# 99 maxima, 3.0L, 75k, 1320 fault code



## johnlan (Mar 5, 2004)

The 1320 fault code is an "ignition signal primary". I suspect it's an ignition coil going bad. Can anyone tell me if this is the case, or will I need an engine analysis to be sure. The service engine soon light came on 2 days ago, car is not running any different than before the light came on.


----------



## pjcus (Apr 24, 2004)

*97 maxima same code problem*

I will bet you 10 bucks if you went to the dealer they will want to replace all 6 coils. I have the same error code but mine will not stay cleared. I also have had all the coils replaced twice. I have had the analyis done and everytime shows nothing. One mechanic told me if your voltage drops below 12Volts you will get the same code so I bought a awesome battery, still the 1320 code came back. Today I found out the check engine light comes on right when my engine is cool and I start the car. 
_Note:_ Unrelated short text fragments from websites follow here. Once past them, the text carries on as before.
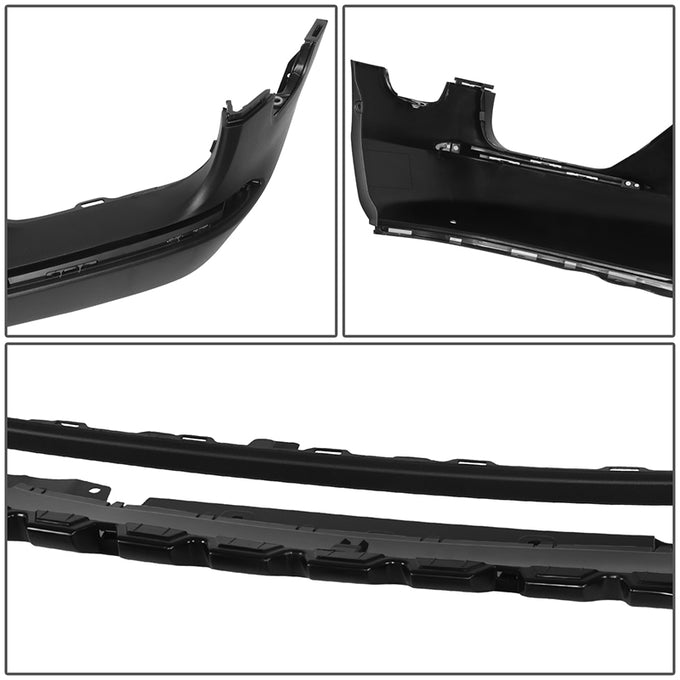 OEM-BUMP-HO1015118-2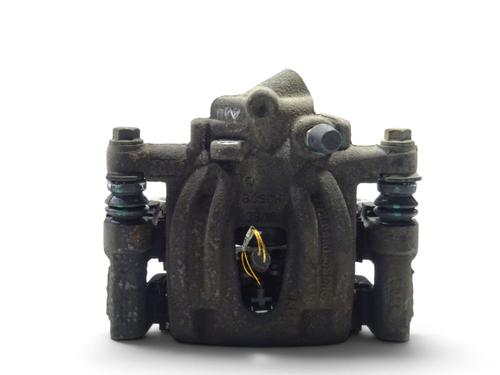 Used Right rear brake caliper Right rear brake caliper MERCEDES-BENZ VITO / MIXTO Van (W639) 109 CDI (639.601, 639.603, 639.605) (88 hp) 40602763 40602763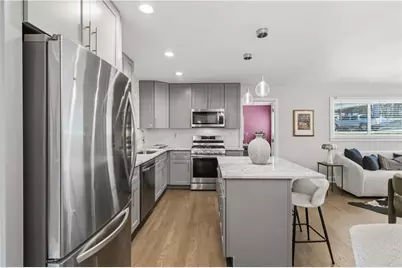 2154 Plaster Road NE, Atlanta, GA 30345 - Photo 15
If you want to check your coils someone explained how to do it yourself on this thread
http://www.nissanforums.com/showthread.php?t=52852
I hope someone can help you and myself with that code


----------



## lawabidn (Mar 28, 2004)

if you've had them replaced twice, get them done under Nissan parts warranty (12 month, 12000 miles) 

Check to see if the connectors are corroded at all, and see it the pins are pushed in all the way

-corey


----------



## pjcus (Apr 24, 2004)

the coils are fine they were checked re-checked and ohmed out fine. The connectors are good also. or so they say.


----------